We're just getting started with lights, but it's really pretty simple. A lot of people put a huge amount of money into smart bulbs, but from my perspective it's a bit too much tech for a simple situation. So we've gone with smart relays at each light switch. I use shelly devices for lighting. They're designed to be hackable, are inexpensive and rock solid. For most rooms, we're using Shelly1 relays. In a few we're running the Shelly Dimmer unit. I'll post a longer explainer in a bit as, to be fair, light switches are a bit of a science. Suffice it to say for now, it's nice to be able to switch off lights automatically, but given the whole house is on LED bulbs, it isn't really a major electricity outlay.

Plants

We're relying mostly on the weather station outside to monitor growing conditions and the garden. Next spring we'll be adding more food growing, so I'll add in details here regarding the smart watering and soil monitoring system we deploy in due course. Indoors, I have a germination box with an inexpensive soil warming cable in sand which is powered by a Sonoff smart-relay. The Sonoff relay has a built-in temperature sensor and allows me to track the soil temperature. We have a separate temp/humidity sensor in the room which I also average in to control the soil warming cable. This allows us to germinate seeds a month or two early using relatively little energy.

Energy Use Monitoring

We're gradually adding energy monitoring to keep devices throughout the house. Every major appliance is plugged into a cheap Gosund smart switch which cost around £7 each and have built-in energy monitoring. Home assistant does the rest and tracks our usage on each appliance. I was already able to realise that the dishwasher was accidentally running on a high energy setting, and we were able to adjust that and save many KW from being wasted. We use Octopus Energy, for whom I have absolutely nothing but high praise. Their supply is sourced from 100% renewable energy, especially now that we've removed the gas meter from our home (the induction stove was the last step after the heat pump got installed). They also work quite actively with the DIY hacker community, providing information about energy prices and allowing users to actively monitor their usage and pricing. Shameless plug: If you aren't already using Octopus, you can get £100 (I do also!) back when you sign up using our referral link. Even though Octopus has installed a smart meter in our home, I wanted to have real-time monitoring, so we installed a Shelly EM device. I can subtract usage from most devices which are being monitored using smart plugs, and this just leaves a few things left.
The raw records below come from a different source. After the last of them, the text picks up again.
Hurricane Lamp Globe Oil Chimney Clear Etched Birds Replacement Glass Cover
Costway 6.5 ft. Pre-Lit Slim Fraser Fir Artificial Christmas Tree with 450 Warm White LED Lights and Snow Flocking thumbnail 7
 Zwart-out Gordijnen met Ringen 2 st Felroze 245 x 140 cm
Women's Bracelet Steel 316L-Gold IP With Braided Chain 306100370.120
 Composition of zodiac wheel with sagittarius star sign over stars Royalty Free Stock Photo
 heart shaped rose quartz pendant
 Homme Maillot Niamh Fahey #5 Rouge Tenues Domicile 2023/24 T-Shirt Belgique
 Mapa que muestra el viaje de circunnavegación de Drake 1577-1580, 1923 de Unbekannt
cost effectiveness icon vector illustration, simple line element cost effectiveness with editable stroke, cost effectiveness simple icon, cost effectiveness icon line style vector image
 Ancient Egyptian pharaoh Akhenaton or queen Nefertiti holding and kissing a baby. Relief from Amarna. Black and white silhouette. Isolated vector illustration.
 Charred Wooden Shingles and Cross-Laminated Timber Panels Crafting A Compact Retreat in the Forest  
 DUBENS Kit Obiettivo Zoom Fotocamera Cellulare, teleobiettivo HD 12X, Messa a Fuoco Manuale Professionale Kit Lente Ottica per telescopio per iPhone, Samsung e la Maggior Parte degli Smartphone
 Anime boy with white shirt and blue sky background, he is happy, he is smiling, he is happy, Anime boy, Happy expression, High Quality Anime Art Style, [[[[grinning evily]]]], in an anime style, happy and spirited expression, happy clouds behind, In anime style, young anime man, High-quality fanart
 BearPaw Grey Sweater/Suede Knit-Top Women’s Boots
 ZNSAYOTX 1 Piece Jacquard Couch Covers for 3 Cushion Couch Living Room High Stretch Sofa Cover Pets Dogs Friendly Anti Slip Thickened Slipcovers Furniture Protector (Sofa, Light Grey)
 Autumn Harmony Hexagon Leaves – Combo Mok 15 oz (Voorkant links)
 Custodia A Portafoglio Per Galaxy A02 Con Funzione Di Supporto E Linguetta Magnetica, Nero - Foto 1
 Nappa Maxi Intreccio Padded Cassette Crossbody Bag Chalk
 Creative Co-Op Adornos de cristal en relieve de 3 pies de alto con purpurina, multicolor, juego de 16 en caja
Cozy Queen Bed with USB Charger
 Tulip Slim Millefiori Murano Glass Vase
As a project, I wanted to see if I could get a sense of the energy use on each individual component in our heating and hot water system, so I've just finished a new design which uses an ESP32 board, an series of inexpensive PZEM-004 energy monitoring boards - note, you can get these for around £3-4 via aliexpress.com. The PZEM boards communicate via another serial protocol (not modbus this time) called UART, and you can string together a number of devices on a single ESP32 board. This will allow me to monitor the flow pump, hot water immersion heater, heat pump controller, heat pump unit, etc. each individually as well as see when they're on and how hard they're working. I'll have this data integrated into the heat pump monitoring system. I'll add schematics etc. here as soon as this unit is done, hopefully later in 2022.

HiFi

What home is complete without multi-room streaming music? This is worth a separate guide, which I've developing here: [https://github.com/kidwellj/multi-room-hifi]

Car Charging

We have an EV, and are currently charging this with an Ohme device. Ohme

Solar

We have an array of 16 panels which connect to an inexpensive Solax inverter. The inverter has a cloud-based subscription service by which I can pay solax to return information to me about my own device. As you might imagine I'm not enthusiastic about this and instead have developed an adapter to send that data to my own server rather than their since I own the inverter. This uses an XY-017 RS485 TO TTL SP3485 Breakout board connected to an ESP32 which uses ESPHome to send Inverter data to our Home Assistant instance.

Resources:

There are a number of other far more developed builds, most not with old houses like this, but still a lot to be learned from folks! Here are a few of my favourites:

The Archive

Previous HTPC build:

This is a relatively old hardware build, using a low-voltage intel CPU. I generally run about 80% CPU and 90% of the RAM on this server, so these specifications work for me. Some day in the future, I'll switch to a newer low-voltage board and CPU with 32GB RAM and that should more or less sort me for the next decade. This server has been running more or less continuously without any hardware upgrades since 2015 (until 2022).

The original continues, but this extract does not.